Just as no-nonsense as the preamble to Issue One of “Howling Commandos Of S.H.I.E.L.D.” is Maria Hill’s pulse-pounding insertion of the Man-Thing, Teen Abomination, Vampire by Night, Hit-Monkey, Manphibian, and a zombified Jasper Sitwell elsewhere upon the stricken vessel. For no sooner has the reader recovered from witnessing a gun-toting small-sized simian in the distinctive dark blue uniform of a law-enforcement operative, than the rest of the chimp’s team-mates are introduced completely surrounded by the walking undead on-board the boat’s main deck, their automatic weapons blazing, powerfully-huge fists flying and razor-sharp claws disembowelling.

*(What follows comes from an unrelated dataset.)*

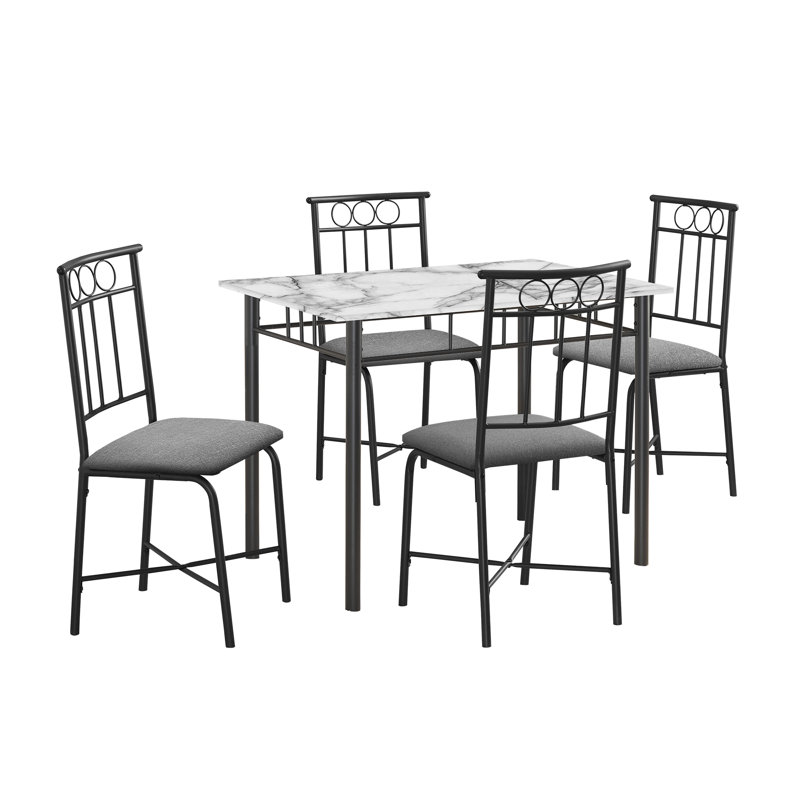 Ensemble repas pour 4 personnes Omaan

Admittedly there are times when the American author is forced to momentarily step away from the fourteen-page long frantic battle sequence in order to provide at least a little exposition as to why Duggan is now “an advanced Life-Model Decoy” and just how Warwolf happens to be the handler of Stan Lee’s bowler hat wearing co-creation. But these “earlier” scenes, sedentarily set at S.T.A.K.E. Command. Area 13, are equally as to the point as the rest of Barbiere’s penmanship for “Earth Idol”. Though just why “Dum Dum” arms his squad’s resident living brainless cadaver with a rocket launcher is however never adequately explained, even if Jasper blowing up his new field commander with a projectile later in the story is a potential ‘laugh out loud’ moment; “Wait, It’s me! Dum Dum! &%*$.”

Somewhat disappointing though is Brent Schoonover’s decidedly dynamic yet occasionally inconsistent pencilling. The American’s illustrator’s technique undoubtedly appears as similarly Late Seventies in style as this comic’s script does, and his renderings of Man-Thing, Manphibian and the gigantic Orrgo are outstanding. Yet “The Astonishing Ant-Man” artist’s panels depicting Commander Hill’s “bad Juju” briefing to Doctor Kraye and Reyna appear rather awkwardly wooden, as frustratingly does the majority of his “mindless humanoid plant creatures.”
The regular cover art of "HOWLING COMMANDOS OF S.H.I.E.L.D." No. 1 by Brent Schoonover & Nick Filardi


  1. This sounds cool. I do like this aspect of the Cap origin movie they did.

    1. Thanks Simon. This is beyond doubt one of my fave reads of the year so far and I'm certainly hoping to cover its entire run - as sadly it seems the current creative team are moving on and "Marvel Worldwide" haven't announced a new one.